Zu den widerwärtigsten Begebenheiten meines Lebens gehört, daß ich Sie vor anderthalb Jahren in Erlangen verfehlt habe. Ich hatte im das Bad in Wiesbaden gebraucht, machte dann einen langen Aufenthalt in Heidelberg und einen kürzeren in Stuttgart, und kam auf der Rückreise um nach Erlangen. Wie sehr ich mich auf dieses Wiedersehen gefreut hatte, kann ich Ihnen nicht sagen. Um so größer war mein Schrecken, als ich erfuhr, Sie seyen ganz vor Kurzem mit Frau und Kindern nach Stuttgart gereist. Vermuthlich sind wir an einander vorbeigefahren, wenn nicht gar in Nürnberg (wo ich zwei Tage verweilte) zusammen, vielleicht unter Einem Dache, gewesen. Was mich am meisten ärgert, ist, daß ich von der Anwesenheit Ihres Bruders in Stuttgart nichts wußte; wie leicht hätte ich sonst von ihm das Nähere erfahren können!
Von meinem litterarischen Treiben sage ich Ihnen nur, daß die vierte Auflage des Tasso (abermals sehr verändert) vor Kurzem erschienen ist, und daß ich Ihnen hoffentlich noch im Laufe dieses Sommers den sechsten Theil des Calderon übersenden werde. Die früheren Theile haben Sie doch alle richtig empfangen?

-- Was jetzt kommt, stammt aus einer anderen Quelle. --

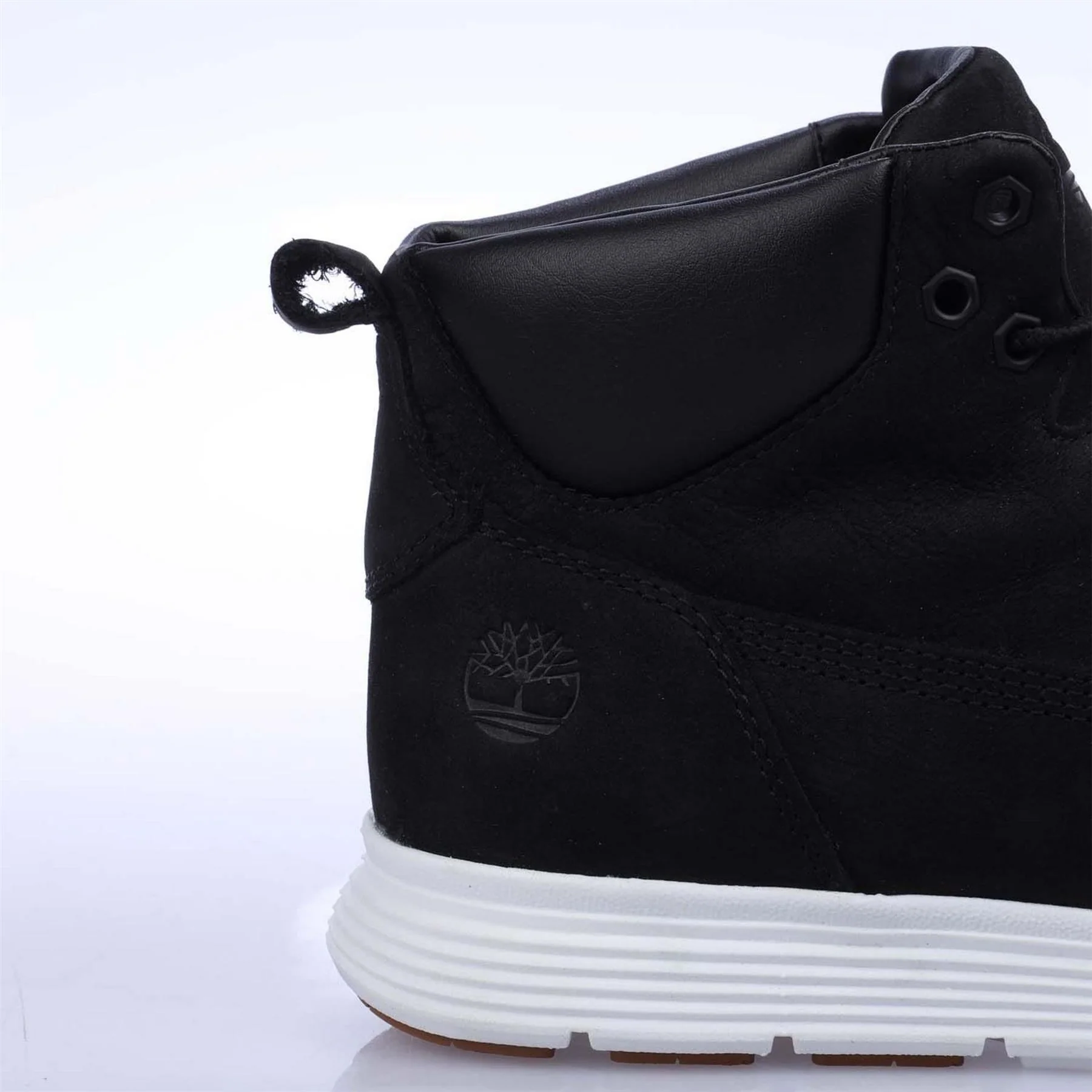 Timberland Mid Lace Boot - Image 5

Wünschen Sie von unserm alten Jena etwas zu erfahren, so wird mein junger Abgesandter Ihnen Kunde geben. Viel Erfreuliches wird es nicht seyn. Der lange gehegte Wunsch, diesen ganz verfallenden Ort zu verlassen, reift allmählig zum Entschluß. Wahrscheinlich werde ich meinen künftigen Aufenthalt in Stuttgart nehmen, obwohl über das wann und wie sich noch nichts Bestimmtes angeben läßt. Ich wäre schon fort, wenn ich von dem Einpacken und Transportiren meiner Bücher, die leider schon multorum camelorum onus ausmachen, nicht so gewaltige Scheu trüge.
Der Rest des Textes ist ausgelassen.